Although it is difficult to tell for sure, my instincts are that the Bernheims may have been responsible for a more aggressive advertising campaign on behalf of Warwick Whiskey, including a saloon sign with a definite Oriental aspect.  A similar source may be behind the advertising material with a distinctly racist approach.  Although “Little Beachie” successfully had sought out African-American women to recruit to her causes, other Kentuckians preferred to objectify blacks in demeaning ways.  


Shown below is a drawing prepared for Warwick Whiskey, part of a pamphlet entitled “The Sage of Silver Creek.”  It depicts an elderly African-American gentleman called “Uncle Rastas” who is fishing and being quoted on the subject of religion, horses and whiskey.  The figure is the stereotyped Southern black whose fracturing of the English language obviously was believed to be a lively source of humor.   And, of course, Rastas heartily endorses Warwick Whiskey.



Meanwhile  W. S. Hume, having sold his successful distillery, was moving on with his life.   With a household that included wife Eugenia and seven children,  about 1880 he had built a mansion home on Silver Creek after tearing down the original brick structure on the property.  He called it “Holly Hill,” shown here as it was later remodeled. 

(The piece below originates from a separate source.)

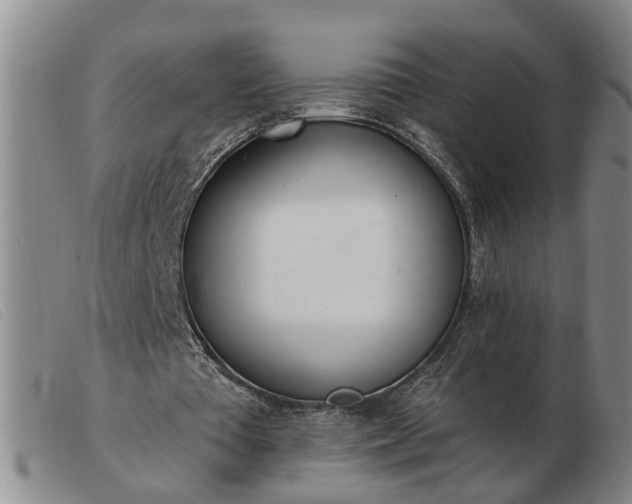 X0000103400385200809191527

Tragically, the retired distiller would die in 1906 as a passenger on the ill-fated U.S. passenger steamer S.S. Valencia, shown below.  The ship struck a reef near the west coast of Vancouver Island during a violent storm.  Attacked by vicious winds and unrelenting waves it proved virtually impossible to remove the passengers safely.  Of 108 on board only 37 survived.  Hume was not among them. 


 


Meanwhile Francis Beauchamps was untiring in her efforts to bring a total ban on alcohol to Kentucky.  Even though still denied the vote herself, Beauchamp stepped into the male realm of politics by chairing Kentucky’s Prohibition Party for ten years.  Lobbying state and federal legislators to support a constitutional amendment, her work is said to have gained Kentucky approval for the 18th Amendment that ushered in National Prohibition.  Frances Beauchamps died in 1923 and is buried in Lexington Cemetery with family members.  Madison County has erected a historical sign in her honor.  



A summary comment on the Madison County distillers and the effect of “Little Beachie” was penned by a local historian:  “Both distilleries were closed down when the constitutional amendment on National Prohibition, led in no small part by Madison County’s own Frances Beauchamps, was passed in 1919.  Neither operation reopened when the amendment was repealed in 1933.”   


Note:   This post was researched from a number of sources.  The principal source for information about Frances Beauchamp was an Internet article published by Randolph Hollingsworth on January 19, 2019.